Flaw with typed enumerators in F202X

zedthree · May 10, 2022, 11:22am

Is the specification for the new enumerator type fixed for F202X? I’ve just been reading the proposed spec and while it’s missing a few features that would be incredibly useful (user-defined values, IO, character conversion), it also has a massive flaw: name scope. The missing features could always be added in later revisions, but the current proposal for the scope of names (“class one names”) would hamstring it on arrival.

It’s very possible that I have misunderstood the status of the current design, in which case I would be very happy to be corrected.

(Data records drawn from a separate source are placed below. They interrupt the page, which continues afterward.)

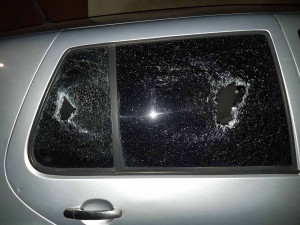 Maskovaný vandal přijel o půlnoci rozmlátit majiteli před dům jeho auto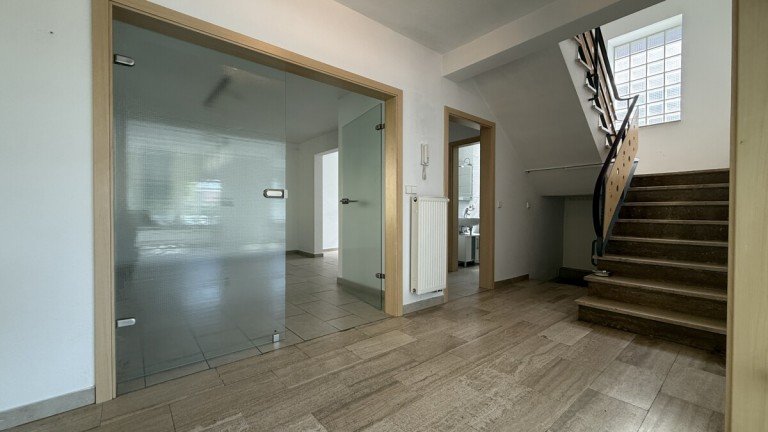  Eich Maisonettewohnung Modernisierte Wohnung (Haus) mit 5 Zimmern in zentraler Lage von Eich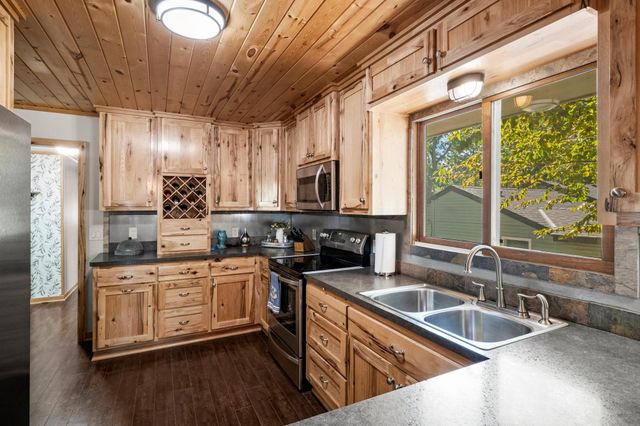 5590 108th Avenue, Clear Lake, MN 55319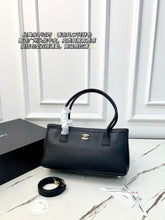 Load image into Gallery viewer, CC1393 Chanel Cerf Tote Bag / 33 x 17.5 cm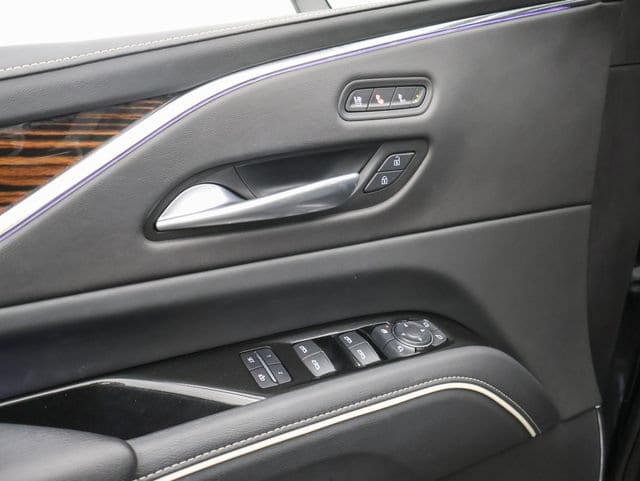 2024 Cadillac Escalade ESV Premium Luxury - Photo 17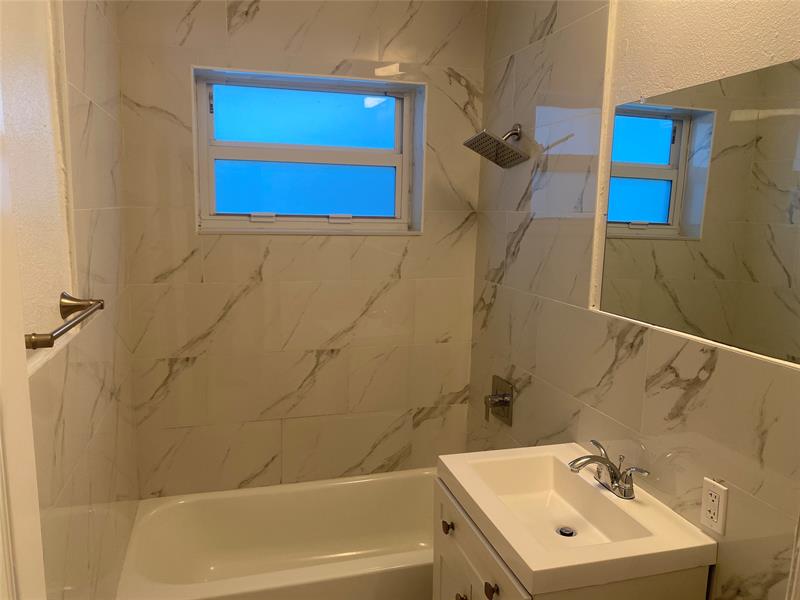 Image 21 of 27 For 6152 2nd St  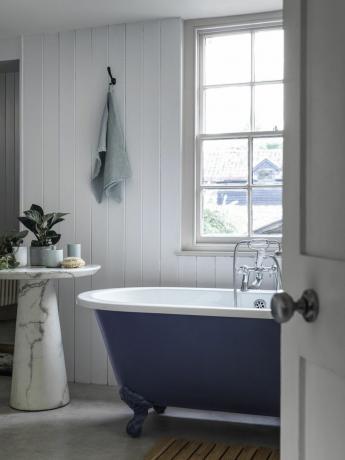 bagno in stile rustico, roll top verniciato blu, shiplap, tavolino in marmo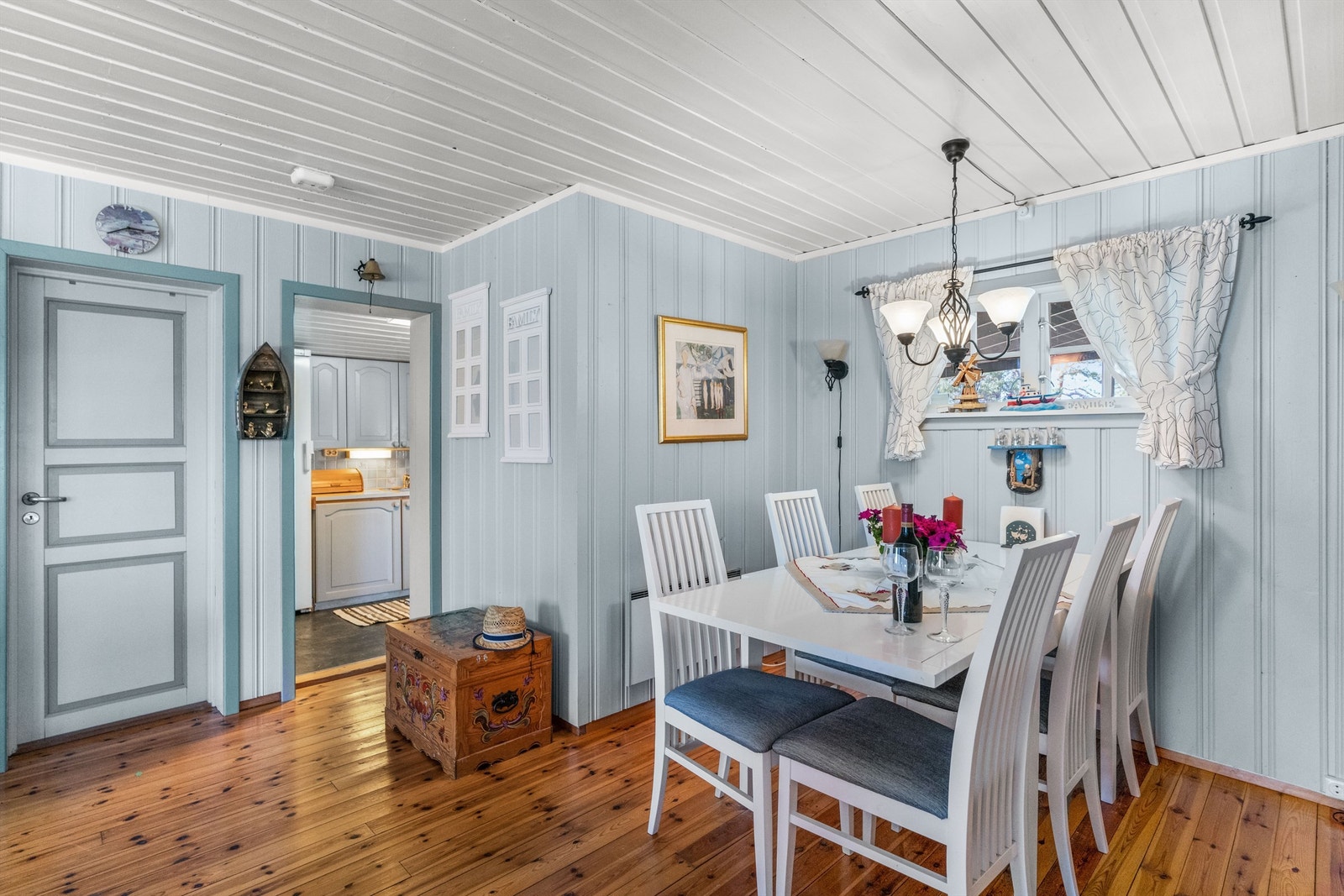 Kjøkkenet finnes i eget rom tilstøtende stuen. Galleribilde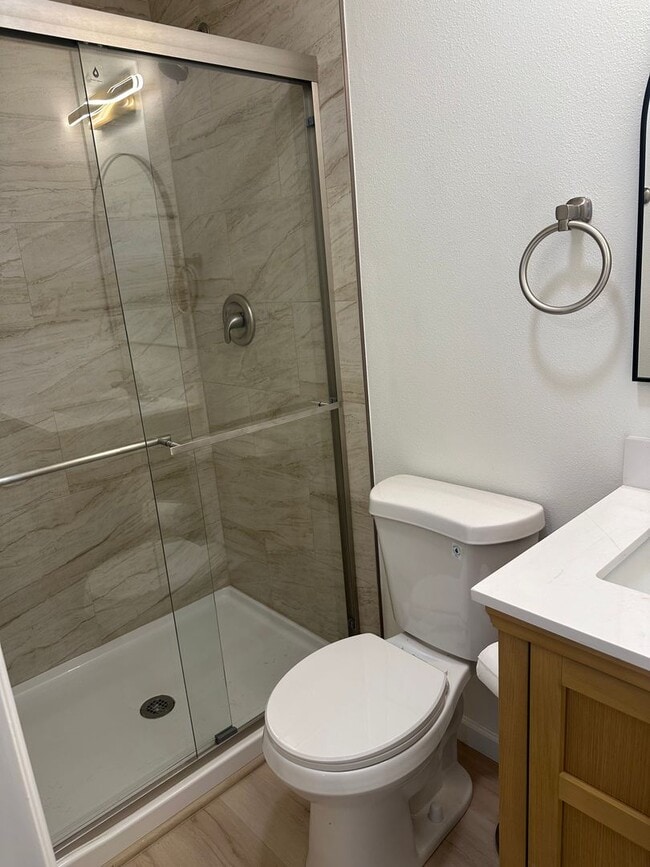 Building Photo - Spacious 3 Bedroom House with Attached Garage and Large Yard!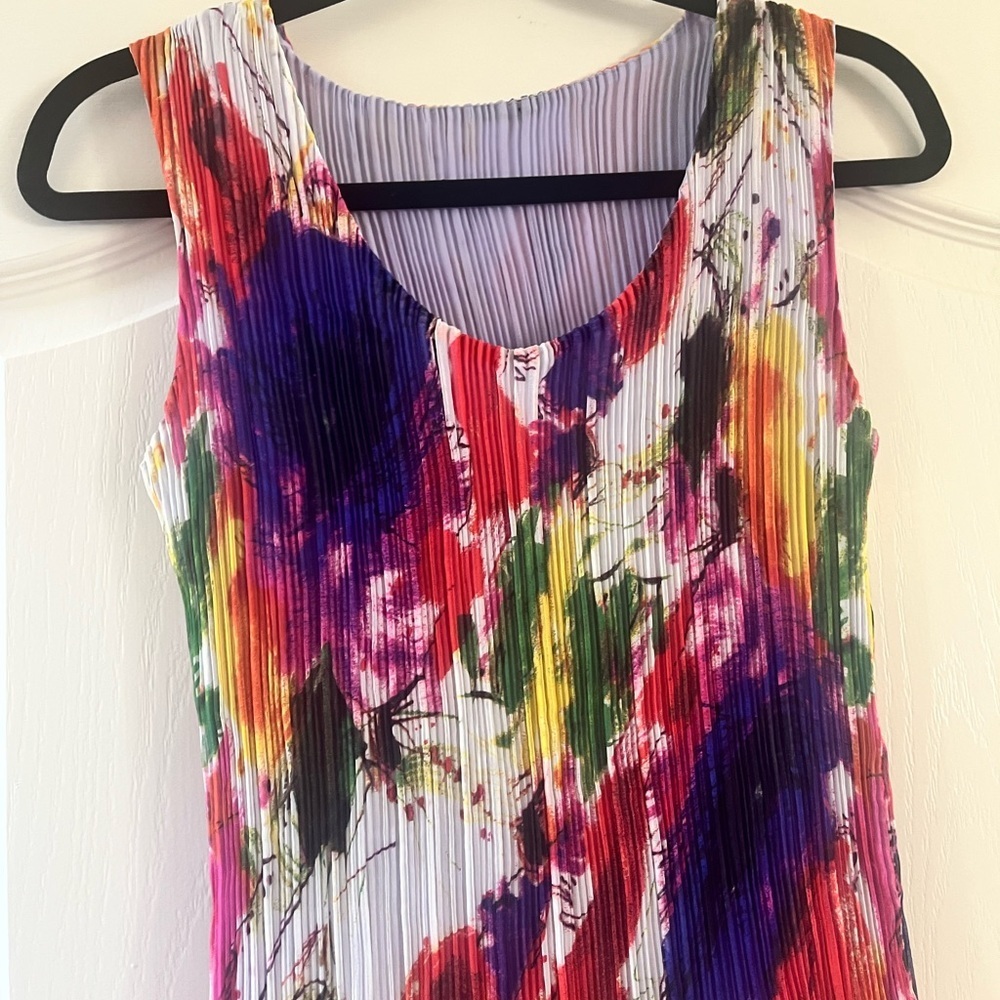 Colorful Floral Midi Dress with Ruffled Cardigan - Picture 3 of 7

From John Reid’s great explainer on the new features of F202X:

enumeration type :: colour
  enumerator :: red, orange, green
end type
type(colour) light
:
if (light==red) ...
…
The names of the types and their constants have exactly the same scoping rules as for other types and constants; for example, a procedure that contains the above declaration must not contain a real variable named red.

With this current rule for the scope of the names, it means it would be impossible to have two enumerators with the same name in the same scope:

module colours
  enumeration type :: additive_primary_colours
    enumerator :: red, green, blue
  end type

  enumeration type :: subtractive_primary_colours
    enumerator :: red, yellow, blue
  end type
end module colours

Here the red and blue enumerators would clash and so this wouldn’t compile. Basically every other language since C has had some sort of namespacing for enums. C++11 introduced enum class for exactly this purpose; C#, Java, Swift, etc. have all had namespaced/scoped enums from the beginning. They are a Good Idea.

From what I can tell by reading through the proposals on the J3 site, the initial proposals did include namespacing the enumerators, but this seems to have been removed in J3/21-120r3.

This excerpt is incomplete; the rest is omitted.